Extracted records Block Start
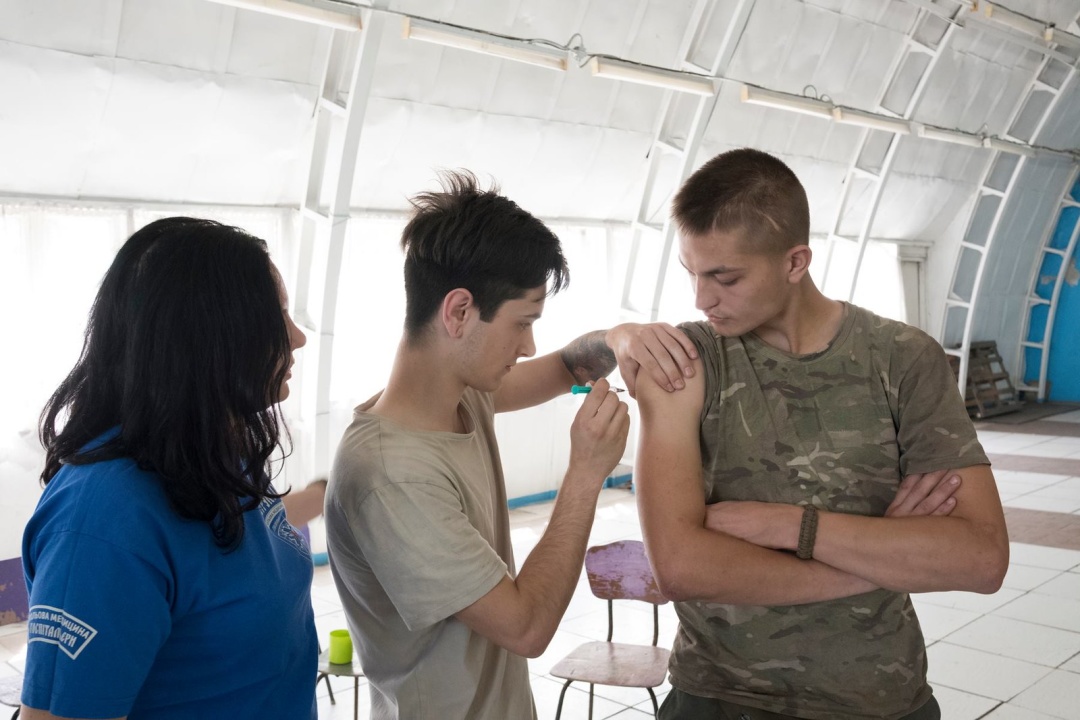 Пам’яті парамедика Миколи Волкова (позивний «Смурфік»)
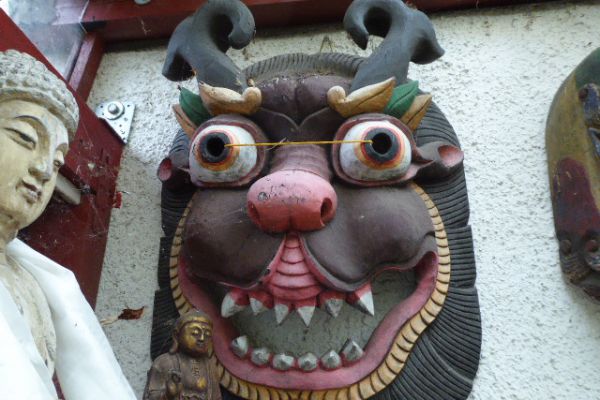 Maske - Tibet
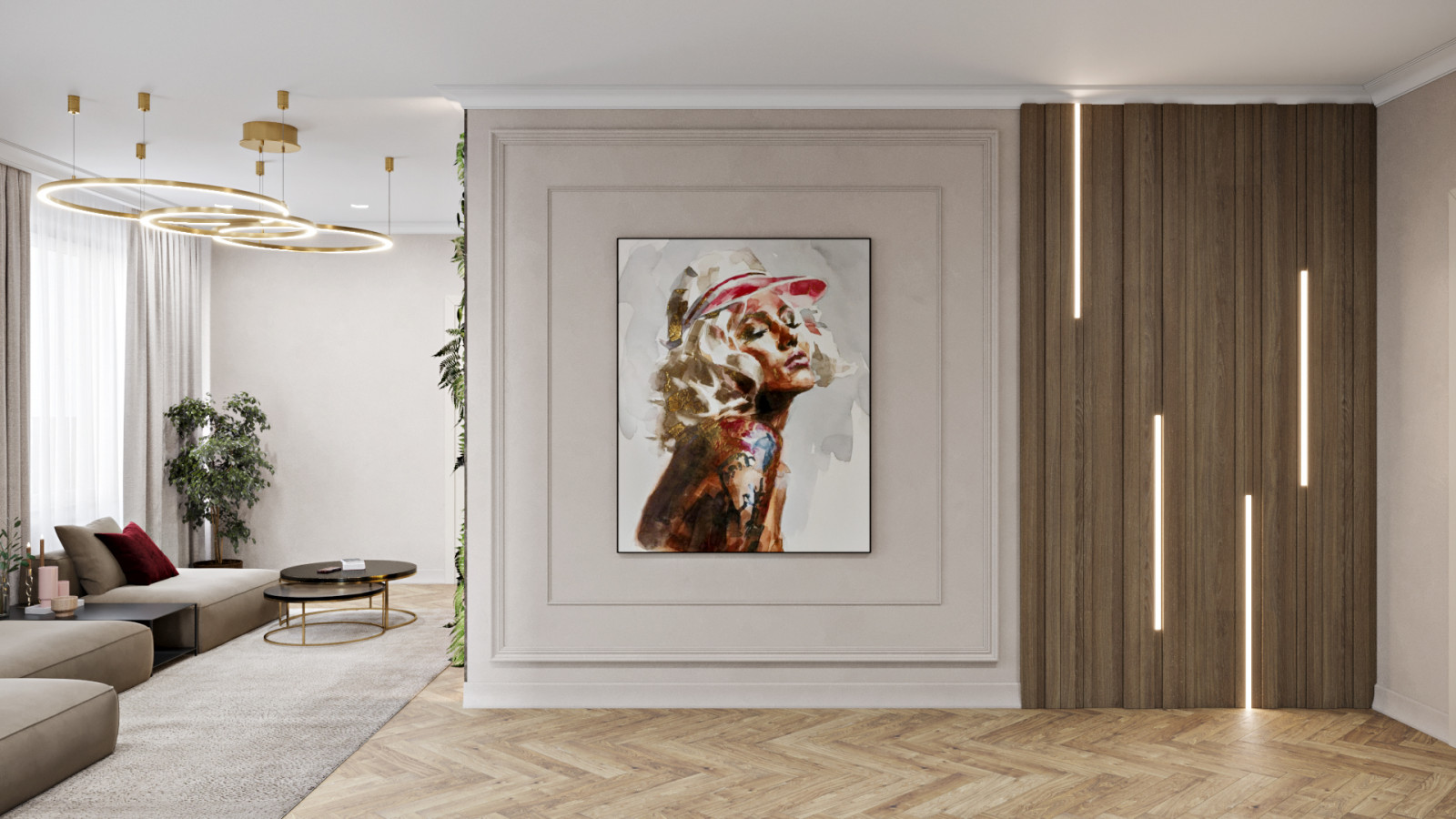 Квартира с террасой в ЖК Европейский берег 107 кв.м.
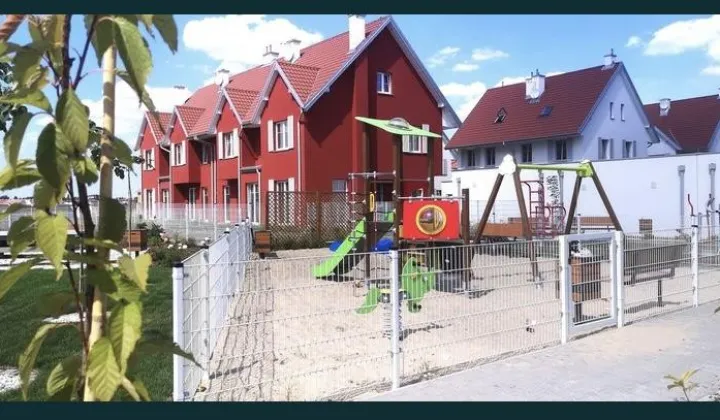 dom szeregowy, 3 pokoje Zgorzała, ul. Słowika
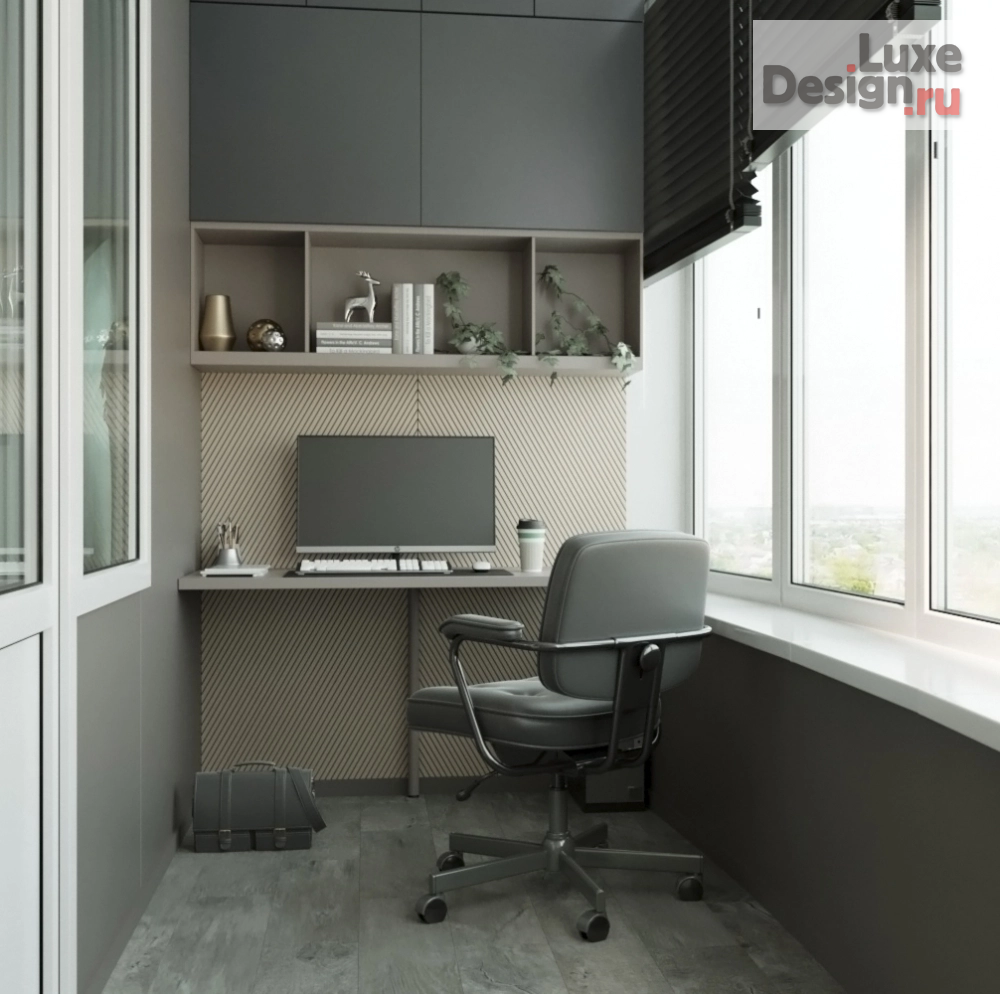 Дизайн интерьера двухкомнатной квартиры "Дизайн квартиры (из двух комнат три)" (фото 10)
Extracted records Block End
Above are records to transcribe exactly; leave their pictures out.

* [Task response]:
 Пам’яті парамедика Миколи Волкова (позивний «Смурфік»)
 Maske - Tibet
 Квартира с террасой в ЖК Европейский берег 107 кв.м.
 dom szeregowy, 3 pokoje Zgorzała, ul. Słowika
 Дизайн интерьера двухкомнатной квартиры "Дизайн квартиры (из двух комнат три)" (фото 10)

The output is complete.